/---

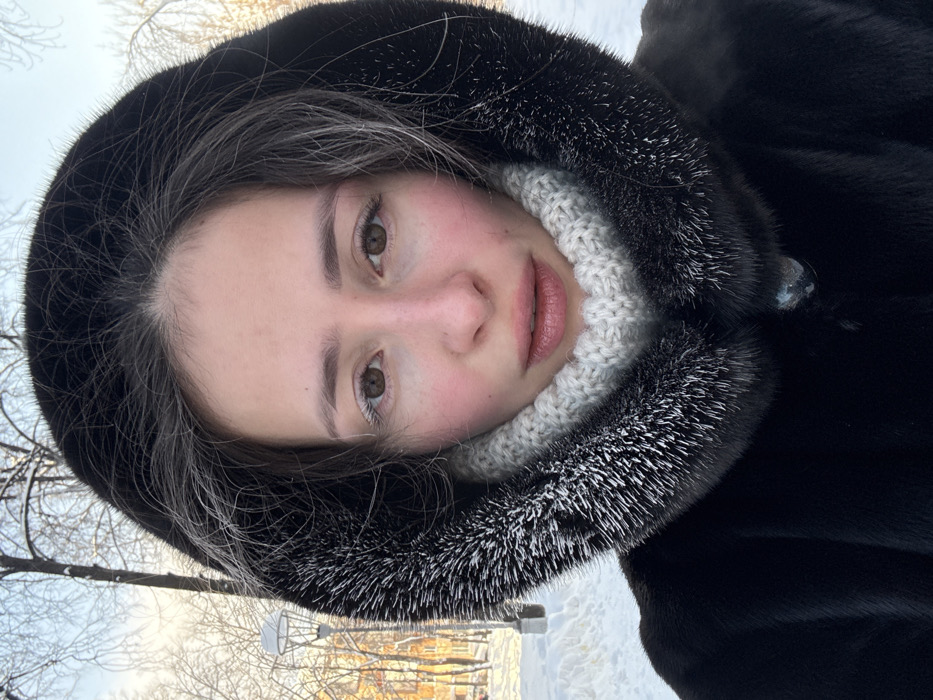 An individual, identified as female, is depicted in a close-up, chest-up portrait against a winter backdrop in Yekaterinburg, Russia. She faces forward, looking directly into the camera. Her face exhibits a flushed appearance on the cheeks and nose, consistent with cold exposure. Her eyelashes and visible hair strands under the hood show signs of white frost. She wears a dark, possibly black or dark brown, hooded coat lined with fur; the fur trim of the hood is visibly covered with white frost or ice particles. A light grey, ribbed knit neck gaiter or scarf covers her neck and lower chin. The background reveals a snow-covered environment with bare trees, also frosted, under a bright sky. A white-domed streetlamp on a dark pole and a light-colored building are visible in the distance, indicating an urban park or street setting. The scene is illuminated by daylight, suggesting a cold, clear winter day.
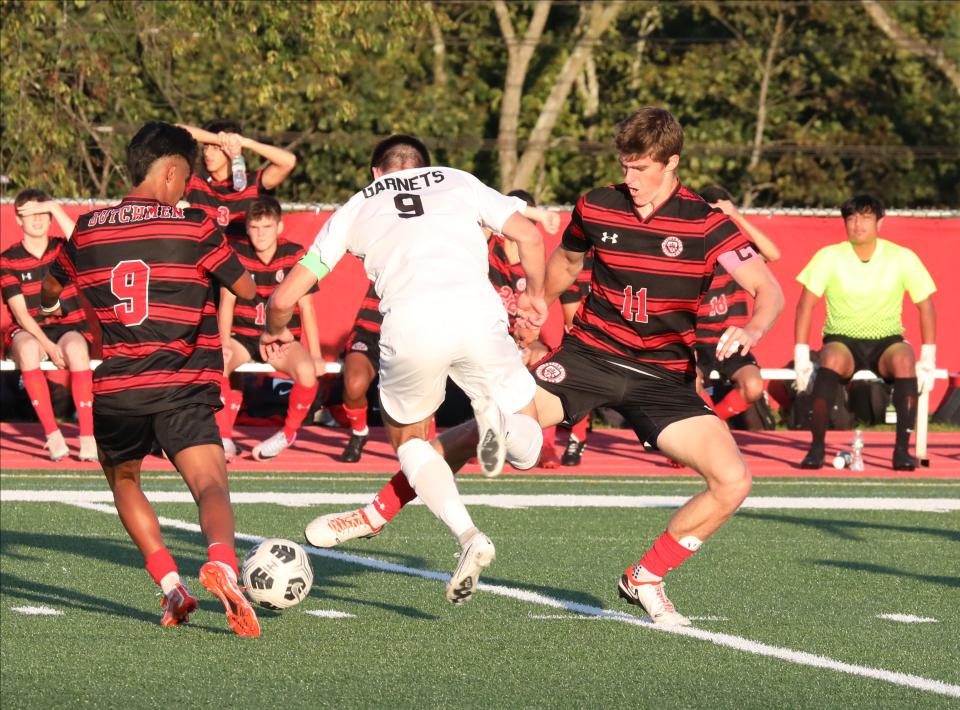 Tappan Zee's Jack Kryger (11) battles for the ball in front of Rye's Tommy Broderick (9) during their boys soccer game at Tappan Zee High School, Sept. 19, 2023.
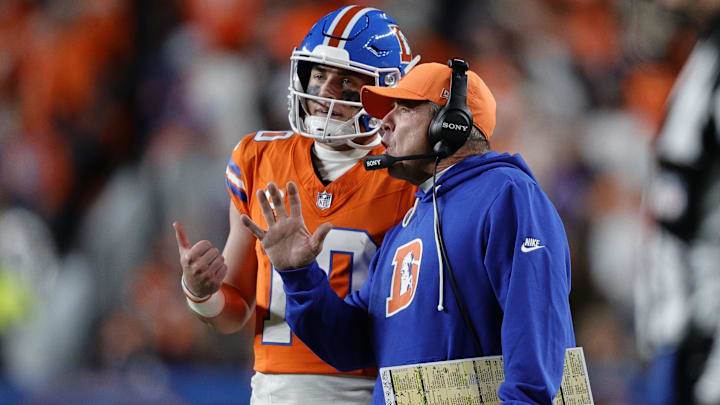 Nov 6, 2025; Denver, Colorado, USA; Denver Broncos head coach Sean Payton talks with quarterback Bo Nix (10) during the second half at Empower Field at Mile High. 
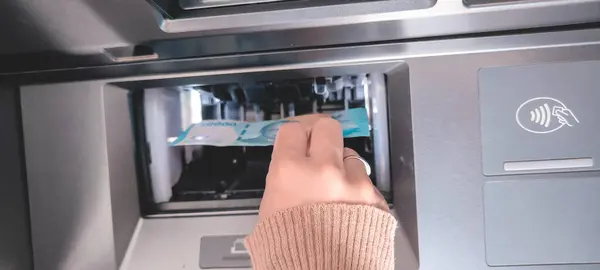 Bir ATM makinesinden mavi banknotları alan bir elin yakın çekimi, sağ tarafında görünür bir temassız ödeme sembolü var.
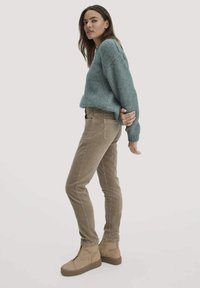 Lichtblauwe gebreide trui, beige corduroy broek en tan enkelbotten. De trui heeft een relaxte pasvorm, terwijl de broek zijzakken heeft.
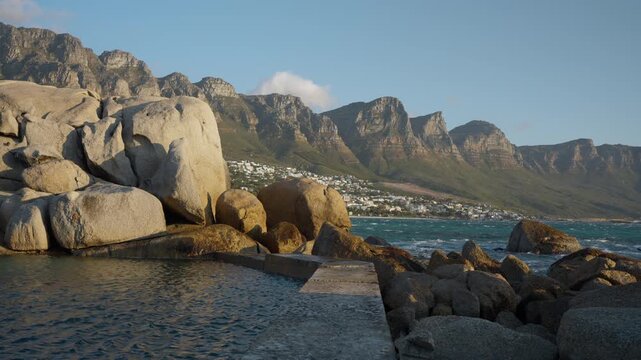 Sunset at Maiden's Cove Tidal Pool with Crashing Waves, Cinematic Mountain Reflection in Cape Town South Africa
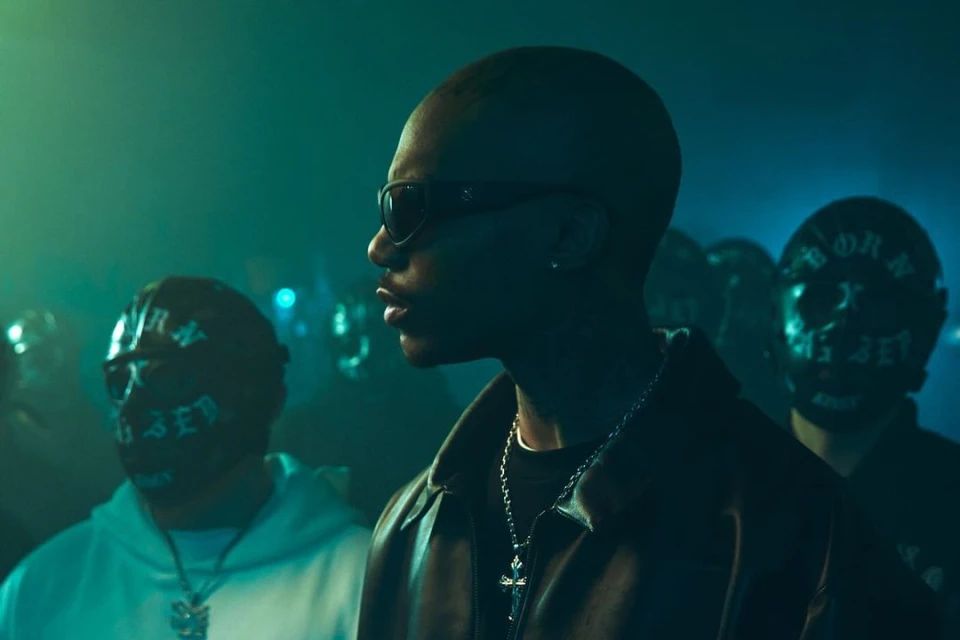 Close up of an adult male wearing sunglasses and a chain, surrounded by a crowd with masks, against a blue-green background.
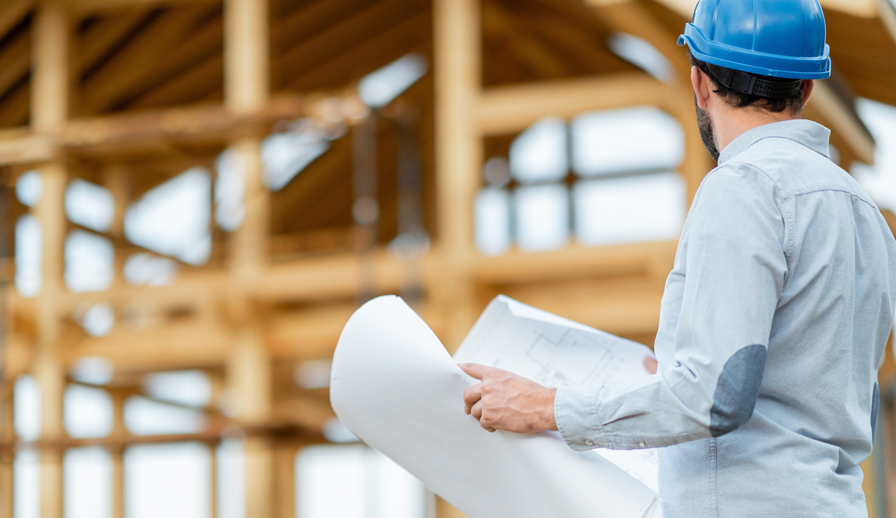 Contractor inspects new build home.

\---

WHAT TO WORK ON:
I'd like the material duplicated exactly, without its pictures.

EXPECTED OUTPUT:
 An individual, identified as female, is depicted in a close-up, chest-up portrait against a winter backdrop in Yekaterinburg, Russia. She faces forward, looking directly into the camera. Her face exhibits a flushed appearance on the cheeks and nose, consistent with cold exposure. Her eyelashes and visible hair strands under the hood show signs of white frost. She wears a dark, possibly black or dark brown, hooded coat lined with fur; the fur trim of the hood is visibly covered with white frost or ice particles. A light grey, ribbed knit neck gaiter or scarf covers her neck and lower chin. The background reveals a snow-covered environment with bare trees, also frosted, under a bright sky. A white-domed streetlamp on a dark pole and a light-colored building are visible in the distance, indicating an urban park or street setting. The scene is illuminated by daylight, suggesting a cold, clear winter day.
 Tappan Zee's Jack Kryger (11) battles for the ball in front of Rye's Tommy Broderick (9) during their boys soccer game at Tappan Zee High School, Sept. 19, 2023.
 Nov 6, 2025; Denver, Colorado, USA; Denver Broncos head coach Sean Payton talks with quarterback Bo Nix (10) during the second half at Empower Field at Mile High. 
 Bir ATM makinesinden mavi banknotları alan bir elin yakın çekimi, sağ tarafında görünür bir temassız ödeme sembolü var.
 Lichtblauwe gebreide trui, beige corduroy broek en tan enkelbotten. De trui heeft een relaxte pasvorm, terwijl de broek zijzakken heeft.
 Sunset at Maiden's Cove Tidal Pool with Crashing Waves, Cinematic Mountain Reflection in Cape Town South Africa
 Close up of an adult male wearing sunglasses and a chain, surrounded by a crowd with masks, against a blue-green background.
 Contractor inspects new build home.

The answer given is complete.